Tuesday, June 23, 2009

Eucalyptus and Pages

Eucalyptus oil is fantastic for cleaning grime off books.

The Pages is the new novel by Murray Bail - just out in paperback - it follows two very Sydney women, one a psychoanalyst, the other a lecturer/protector of philosophy into the NSW outback to a farm, where the brother of the farmer, recently deceased, has left his life's philosophical musings on paper. I know, because my colleague told me, that the reader learns nothing of this philosophy - and so far in to this read I hear ruminations about North and South, Antipodes and Europe, thought and action, city and country. I read Bail's crafted prose and marvel at the placing of commas and his use of the short - quip like - sentence. It makes my toes curl (so far)

Hope and power

Tonight I broadcast the interview with Alan Clements - (edgeradio.org.au - The Book Show) - he is incredible. The Burmese people, 50 000 imprisoned souls, are beautiful. Aung San Suu Kyi is humourous, intelligent and hopeful. If you ware in Burma and you heard the interview - (about the current situation in Burma and Aung San Suu Kyi's farcical trial) - and you were found out - you would be imprisoned, most likely with no trial and possibly tortured.

Thursday, June 18, 2009

and for July 7 show....

I found Chris Andrews on the front of a Bolano novel - he is the translator of a lot of his works - as well as a poet and a literary theorist. In this conversation Chris talks about the vicissitudes and poetry of translation, secret French literary cults, Bolano and what is new and exciting in Latin American literature.

some shows soon:

Alan Clements was the first American monk in Burma in the late seventies, expelled from the country in the 80s he continued to visit and began to document the human rights travesty that is occuring in Burma.

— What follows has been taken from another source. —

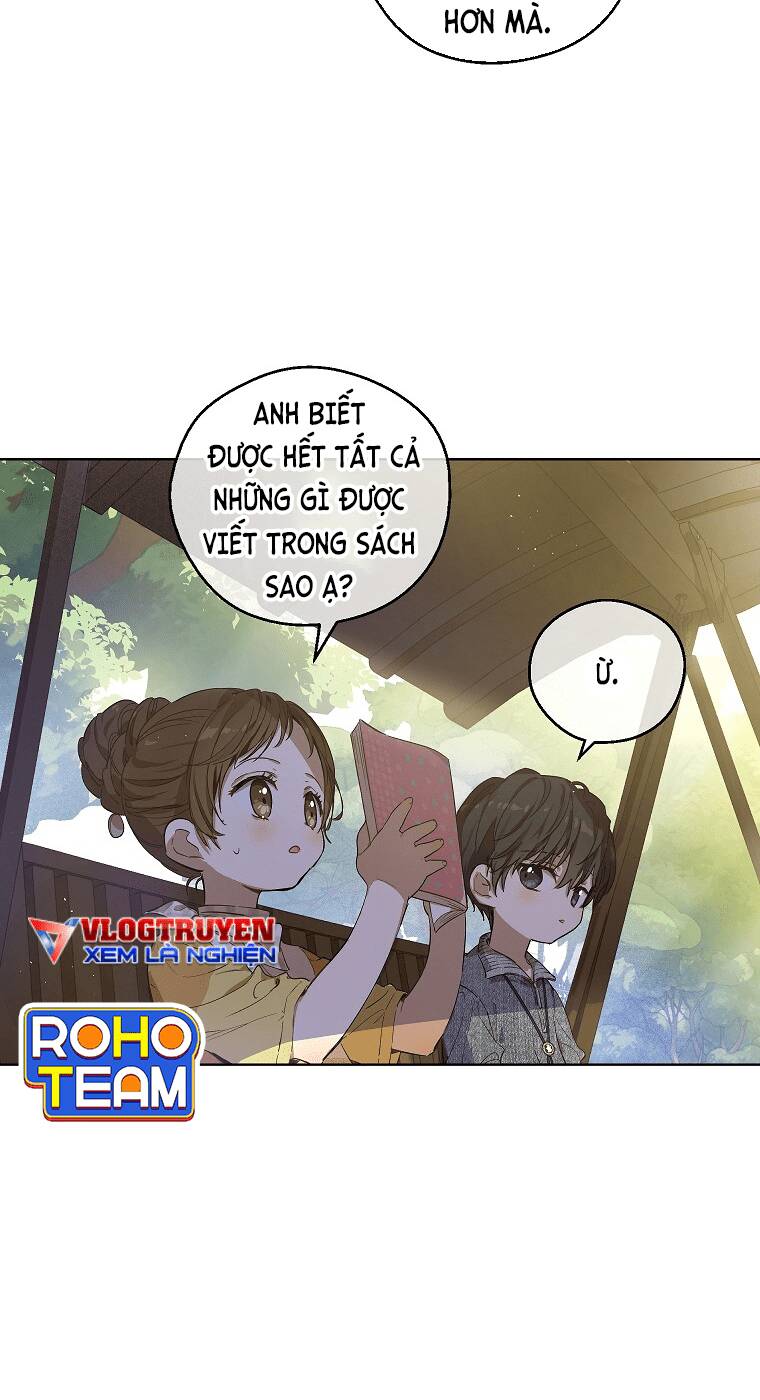 Chương 4 - Trang 12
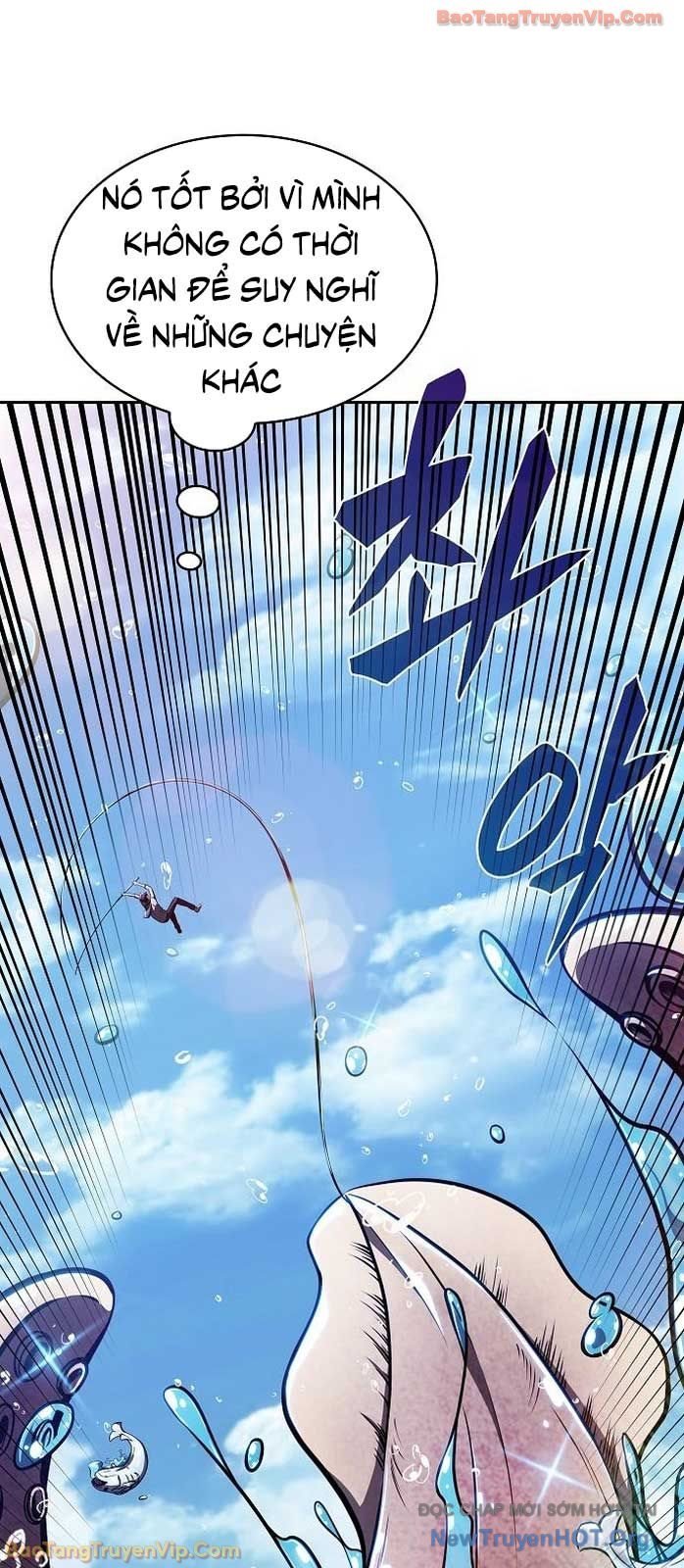 Quán Ăn Định Mệnh Chap 21 - Next Chap 22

In 1992 he approached Aun San Suu Kyi, the Nobel Peace Prize laureate, who has been under house arrest on and off for nearly two decades about working together to make a book.

Aun San Suu Kyi, with her voice of clarity and hope - is currently enduring a farcical trial, following the unsoliticed visit of an American citizen - who swam across the lake that her house backs on to. She is being charged with breaching the conditions of her house arrest.

It is most likely she will be imprisioned - she is currently being held at the Insein prison in Rangoon. Insein is pronounced insane.

The Voice of Hope - the conversations that Clements had with Suu Kyi - is an inspirational book - Suu Kyi and incredible person and this is a great and Clements is informed and articulate.

This interview has international relevance and is incredibly topical.

Sunday, June 14, 2009

Burma and dead Chile

On Tuesday I'll be interviewing Alan Clements, co author - with Aun San Suu Kyi - of The Voice of Hope and Chris Andrews, who is a translator of Roberto Bolano (missing a squirl over the n of his family name) - these interviews will be played over the next few weeks. I'll also be playing an interview with James Boyce, author of Van Diemens Land and winner of the 2009 Tasmanian Book Prize. This is an interview that my personal assistant, Rachel, did with James following the publication of Van Diemens Land early last year.

Wednesday, June 3, 2009

Bolano

I have finished reading The Savage Detectives, by Bolano (missing the all important en-yeh symbol above the N). He is my favourite dead Chilean. It is wonderous that, feeling there was no narrative, I was able to dive in madly - only to have the final third of the book pull me back into time and space. It IS a detective story. It is a true and harsh observation of humanity and it is a squalid, foetid beautiful genre smashing read.